The winner (chosen randomly from the entries) won a guest post on Yearning for Wonderland.
The winner was J. Whitworth Hazzard and his very insightful post on the perils and pleasures of being an indie author is below. Please read it and leave some #minionluv in the comments.
And, for what it’s worth, he actually has 16 fans.
15 Fans
By J. Whitworth Hazzard
As of today, I have exactly fifteen fans. Trust me, I counted them carefully.
For someone who’s put out three serials on Amazon, been in four anthologies, and won a score of flash fiction contests, that doesn’t seem like a lot, does it? It’s not a mistake.
Mistakes were big for me in 2013. I learned some big lessons this past year, in what I consider my journey from novice to almost-but-not-quite-published writer.
My biggest lesson was that now is my time to fail. In all sorts of wonderful, spectacular ways. It’s not a bad thing to fail, either. It’s a very, very good thing. Off the top of my head, I can rattle off failures in grammar, plotting, editing, formatting, cover art, hiring contractors, critiquing, marketing, and networking. Hell, I even pissed off one of my beta readers so bad, they don’t talk to me anymore. I screwed up. And I’m glad I’m doing it now.
The small scale failures have helped me to balance my enthusiasms. There’s less pressure to be perfect and more incentive to take risks. When you allow yourself to take risks, you’ll wind up with stories that don’t fit into a marketing category, but damn if those aren’t the stories that are fun to tell. Dead Sea Games, a plucky little tale about a teenage survivor of the zombie apocalypse in New York City isn’t the kind of work that attracts the six-figure, debut novel deal. Those aren’t going to land on my desk. Realistically, (and this is a hard truth to swallow) my craft just isn’t there yet.

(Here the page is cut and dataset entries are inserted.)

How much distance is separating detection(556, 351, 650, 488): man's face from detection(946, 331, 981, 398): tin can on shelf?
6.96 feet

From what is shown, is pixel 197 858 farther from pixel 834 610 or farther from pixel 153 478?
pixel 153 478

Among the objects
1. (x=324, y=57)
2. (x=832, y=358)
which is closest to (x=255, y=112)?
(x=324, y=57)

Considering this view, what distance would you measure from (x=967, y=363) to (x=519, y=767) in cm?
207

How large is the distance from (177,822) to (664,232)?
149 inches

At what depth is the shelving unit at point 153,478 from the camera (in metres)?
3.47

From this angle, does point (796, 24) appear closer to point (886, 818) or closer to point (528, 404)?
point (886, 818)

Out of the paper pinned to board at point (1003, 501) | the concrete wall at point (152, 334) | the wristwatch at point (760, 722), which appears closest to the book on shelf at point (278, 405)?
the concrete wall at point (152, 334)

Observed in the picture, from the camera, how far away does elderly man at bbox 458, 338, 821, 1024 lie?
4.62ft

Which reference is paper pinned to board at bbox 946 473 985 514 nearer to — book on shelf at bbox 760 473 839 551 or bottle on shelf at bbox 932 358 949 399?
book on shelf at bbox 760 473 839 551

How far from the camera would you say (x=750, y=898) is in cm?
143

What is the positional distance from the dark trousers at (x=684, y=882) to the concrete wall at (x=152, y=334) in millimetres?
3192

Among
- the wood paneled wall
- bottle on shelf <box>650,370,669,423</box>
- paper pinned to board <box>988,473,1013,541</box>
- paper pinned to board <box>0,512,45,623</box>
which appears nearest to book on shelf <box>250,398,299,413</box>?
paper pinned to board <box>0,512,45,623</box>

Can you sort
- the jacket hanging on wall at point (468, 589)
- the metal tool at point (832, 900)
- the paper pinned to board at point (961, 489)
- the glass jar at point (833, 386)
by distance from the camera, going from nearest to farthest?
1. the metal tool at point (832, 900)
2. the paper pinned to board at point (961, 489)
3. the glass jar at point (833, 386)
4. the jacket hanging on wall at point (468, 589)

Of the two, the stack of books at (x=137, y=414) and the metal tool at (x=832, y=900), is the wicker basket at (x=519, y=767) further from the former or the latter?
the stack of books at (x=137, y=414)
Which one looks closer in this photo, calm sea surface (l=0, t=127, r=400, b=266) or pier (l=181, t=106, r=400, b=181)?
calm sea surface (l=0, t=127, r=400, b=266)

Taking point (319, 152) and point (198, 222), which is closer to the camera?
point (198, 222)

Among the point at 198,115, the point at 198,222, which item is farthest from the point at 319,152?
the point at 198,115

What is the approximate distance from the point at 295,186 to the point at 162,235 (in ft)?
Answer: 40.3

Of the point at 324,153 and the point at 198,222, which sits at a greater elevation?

If some dark fairy queen did drop off a contract with lots of zeroes attached, I’d likely start having anxiety attacks. My work is fair on most days, good on some, and great rarely, and though I wish that readers would give authors second and third chances, I don’t think that’s realistic. With the world filling up with authors of the published and self-published kind, and entertainment of all other stripes filling the small voids, a reader’s time to invest is shrinking rapidly.
Fifteen fans are enough for me. I love them. I know them. And they’ll get me through this awkward phase. This horrible, ego-crushing stage where you have good ideas and good intentions, but can’t seem to translate them to success, either on the page or on the bottom line of sales. I hope I eventually grow out of this stage, but it takes a kind of fearlessness/obstinacy to keep making these mistakes.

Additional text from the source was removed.